After four years of consistent speculative escalation behind ‘risky’ assets like the S&P 500, is faith in stimulus finally starting to crumble? If so, the bubble behind equity and other speculative assets presents a serious opportunity for safe havens like the US dollar. Typically on the opposite ends of the spectrum, the equity and FX market benchmarks have instead run on similar paths through 2013 – leading many to believe that one or both had changed their fundamental bearings. Yet, this unusual relationship does not reflect a role change for either, simply a lack of influence through that particular aspect – risk on / risk off. Under that logic, the extremely threatening move that the S&P 500 made this past session – a drop back to its 50-day moving average, seven-month trend floor and near 5-percent retracement threshold to 1,600 – should inspire the greenback to revive its role as ultimate safe haven. That said, the Dow Jones FXCM Dollar Index (ticker = USDollar) was little changed this past session having actually slipped 0.1 percent. This tells us that we are the verge of a seismic change, but we aren’t there yet…
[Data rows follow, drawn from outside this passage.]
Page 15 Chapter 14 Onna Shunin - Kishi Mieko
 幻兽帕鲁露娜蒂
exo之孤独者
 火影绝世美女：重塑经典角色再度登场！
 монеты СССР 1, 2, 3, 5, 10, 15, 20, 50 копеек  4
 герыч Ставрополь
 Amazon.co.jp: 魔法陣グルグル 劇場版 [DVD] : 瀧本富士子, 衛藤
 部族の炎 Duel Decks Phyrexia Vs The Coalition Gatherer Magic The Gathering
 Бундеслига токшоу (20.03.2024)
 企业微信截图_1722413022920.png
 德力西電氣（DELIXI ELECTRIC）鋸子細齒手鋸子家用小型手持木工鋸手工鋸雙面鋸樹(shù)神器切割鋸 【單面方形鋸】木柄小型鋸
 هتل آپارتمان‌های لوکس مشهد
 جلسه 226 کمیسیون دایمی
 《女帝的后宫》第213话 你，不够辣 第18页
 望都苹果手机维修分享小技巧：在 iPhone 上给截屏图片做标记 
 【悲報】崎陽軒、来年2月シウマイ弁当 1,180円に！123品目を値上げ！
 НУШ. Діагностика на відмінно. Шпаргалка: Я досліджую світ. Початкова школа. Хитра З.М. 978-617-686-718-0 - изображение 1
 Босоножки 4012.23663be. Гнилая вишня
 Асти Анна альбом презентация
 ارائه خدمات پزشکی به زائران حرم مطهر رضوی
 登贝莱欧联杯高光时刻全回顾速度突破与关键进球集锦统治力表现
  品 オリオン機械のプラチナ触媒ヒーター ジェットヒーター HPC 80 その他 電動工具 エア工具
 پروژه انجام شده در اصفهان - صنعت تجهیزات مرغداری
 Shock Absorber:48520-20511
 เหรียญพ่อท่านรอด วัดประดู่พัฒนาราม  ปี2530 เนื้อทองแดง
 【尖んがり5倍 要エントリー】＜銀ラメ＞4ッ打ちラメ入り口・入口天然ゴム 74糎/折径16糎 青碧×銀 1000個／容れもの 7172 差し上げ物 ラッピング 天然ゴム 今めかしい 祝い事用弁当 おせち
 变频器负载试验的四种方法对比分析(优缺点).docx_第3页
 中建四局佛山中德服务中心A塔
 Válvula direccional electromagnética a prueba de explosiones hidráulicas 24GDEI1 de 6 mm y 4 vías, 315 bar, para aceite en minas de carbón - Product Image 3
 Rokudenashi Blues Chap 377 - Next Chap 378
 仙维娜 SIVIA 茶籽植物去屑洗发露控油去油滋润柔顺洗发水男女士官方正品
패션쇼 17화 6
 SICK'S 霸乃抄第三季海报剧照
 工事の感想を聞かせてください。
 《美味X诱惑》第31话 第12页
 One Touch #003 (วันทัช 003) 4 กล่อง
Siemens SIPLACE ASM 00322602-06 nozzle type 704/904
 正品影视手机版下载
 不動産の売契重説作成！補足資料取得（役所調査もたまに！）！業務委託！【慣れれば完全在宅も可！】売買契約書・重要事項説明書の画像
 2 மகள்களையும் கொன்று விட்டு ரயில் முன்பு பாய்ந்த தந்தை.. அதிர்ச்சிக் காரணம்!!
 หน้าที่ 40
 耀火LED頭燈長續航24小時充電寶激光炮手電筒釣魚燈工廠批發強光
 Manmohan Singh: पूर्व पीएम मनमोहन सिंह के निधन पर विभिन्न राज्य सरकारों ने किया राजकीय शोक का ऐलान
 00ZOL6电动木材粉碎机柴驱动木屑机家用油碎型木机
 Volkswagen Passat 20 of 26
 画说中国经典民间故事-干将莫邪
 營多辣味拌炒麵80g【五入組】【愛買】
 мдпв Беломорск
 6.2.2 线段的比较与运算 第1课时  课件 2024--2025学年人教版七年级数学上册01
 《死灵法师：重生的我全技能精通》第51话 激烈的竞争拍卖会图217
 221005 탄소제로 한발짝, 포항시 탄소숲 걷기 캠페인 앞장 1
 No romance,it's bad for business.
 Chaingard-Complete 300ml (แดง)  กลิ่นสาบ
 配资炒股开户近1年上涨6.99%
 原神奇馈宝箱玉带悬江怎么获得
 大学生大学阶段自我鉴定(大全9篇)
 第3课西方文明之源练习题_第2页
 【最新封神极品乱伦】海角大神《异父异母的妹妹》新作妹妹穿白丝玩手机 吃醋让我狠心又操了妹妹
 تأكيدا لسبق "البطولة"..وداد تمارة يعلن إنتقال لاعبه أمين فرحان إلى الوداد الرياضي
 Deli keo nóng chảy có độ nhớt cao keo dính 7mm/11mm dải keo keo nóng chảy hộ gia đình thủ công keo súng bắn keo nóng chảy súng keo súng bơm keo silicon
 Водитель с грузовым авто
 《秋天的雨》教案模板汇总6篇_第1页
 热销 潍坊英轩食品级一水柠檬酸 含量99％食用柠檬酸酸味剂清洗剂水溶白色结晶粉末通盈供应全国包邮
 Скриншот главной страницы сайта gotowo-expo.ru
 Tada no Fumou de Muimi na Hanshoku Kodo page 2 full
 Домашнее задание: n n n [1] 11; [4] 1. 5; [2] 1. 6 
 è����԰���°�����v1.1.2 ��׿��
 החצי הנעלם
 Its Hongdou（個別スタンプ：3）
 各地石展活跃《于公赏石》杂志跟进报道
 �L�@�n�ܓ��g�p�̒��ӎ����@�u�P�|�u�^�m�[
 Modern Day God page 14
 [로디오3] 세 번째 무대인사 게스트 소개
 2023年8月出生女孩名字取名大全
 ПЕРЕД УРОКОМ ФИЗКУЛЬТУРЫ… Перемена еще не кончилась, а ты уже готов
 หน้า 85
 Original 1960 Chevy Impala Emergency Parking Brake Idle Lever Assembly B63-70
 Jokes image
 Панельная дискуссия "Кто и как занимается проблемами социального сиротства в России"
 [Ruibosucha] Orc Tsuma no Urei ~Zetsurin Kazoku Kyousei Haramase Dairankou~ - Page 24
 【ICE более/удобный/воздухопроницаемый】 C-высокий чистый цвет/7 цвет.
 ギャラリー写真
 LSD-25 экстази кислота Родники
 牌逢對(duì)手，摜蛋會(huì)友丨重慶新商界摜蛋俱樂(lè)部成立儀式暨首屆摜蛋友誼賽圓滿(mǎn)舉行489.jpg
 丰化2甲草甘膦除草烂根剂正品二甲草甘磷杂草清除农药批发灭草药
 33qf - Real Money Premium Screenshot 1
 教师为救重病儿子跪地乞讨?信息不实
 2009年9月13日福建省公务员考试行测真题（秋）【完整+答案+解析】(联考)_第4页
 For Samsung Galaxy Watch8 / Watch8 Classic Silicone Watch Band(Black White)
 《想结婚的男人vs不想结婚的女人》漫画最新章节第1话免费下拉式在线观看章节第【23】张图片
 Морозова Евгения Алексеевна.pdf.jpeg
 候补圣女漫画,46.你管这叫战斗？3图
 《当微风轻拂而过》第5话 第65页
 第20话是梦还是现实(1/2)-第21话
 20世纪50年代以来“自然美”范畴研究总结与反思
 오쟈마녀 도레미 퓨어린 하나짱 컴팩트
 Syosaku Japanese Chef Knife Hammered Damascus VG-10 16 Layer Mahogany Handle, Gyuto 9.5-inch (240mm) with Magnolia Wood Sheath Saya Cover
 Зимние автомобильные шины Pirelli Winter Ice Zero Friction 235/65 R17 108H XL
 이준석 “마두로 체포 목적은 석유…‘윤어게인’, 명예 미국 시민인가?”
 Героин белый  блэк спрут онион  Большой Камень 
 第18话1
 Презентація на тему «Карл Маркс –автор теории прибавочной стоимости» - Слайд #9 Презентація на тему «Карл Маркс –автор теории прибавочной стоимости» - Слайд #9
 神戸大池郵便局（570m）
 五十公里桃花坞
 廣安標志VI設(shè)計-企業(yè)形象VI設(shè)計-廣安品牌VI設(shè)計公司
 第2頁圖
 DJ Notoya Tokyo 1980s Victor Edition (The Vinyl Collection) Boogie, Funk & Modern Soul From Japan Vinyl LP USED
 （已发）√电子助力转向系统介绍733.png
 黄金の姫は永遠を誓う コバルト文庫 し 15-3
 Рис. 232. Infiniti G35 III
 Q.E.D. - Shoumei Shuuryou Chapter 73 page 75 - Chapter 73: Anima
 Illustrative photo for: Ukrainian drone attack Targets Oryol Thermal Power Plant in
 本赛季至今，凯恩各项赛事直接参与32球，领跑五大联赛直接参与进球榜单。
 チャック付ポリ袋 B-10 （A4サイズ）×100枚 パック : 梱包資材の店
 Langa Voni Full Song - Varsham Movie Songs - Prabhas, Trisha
There is a technical, market condition and fundamental view of why the critical rebalancing of sentiment has yet to be made by the market. For the highly-visible S&P 500, the painful slump has taken us to the brink (trendline, moving average, retracement milestone) but not officially broken support. Through market conditions, we have yet to see all those assets with either a definable ‘risky’ or ‘haven’ quality– nearly all liquid securities – fall back into the singular line of reasoning. Fundamentals is the aspect where we can best derive the disconnect and establish a time frame for when it will present itself. If the masses really wanted a reason to fall into line with risk trends, there is plenty to rationalize it: market yields are just off record lows, leverage usage is at a record high, participation is at a 15-year low (financial futures), asset prices are at a record highs, etc. However, there is a well-established trend and high-level of confidence in the Fed and central banks to keep volatility under wraps. And, while sentiment can often generate its own momentum once engaged; it may need a push to initiate the turn.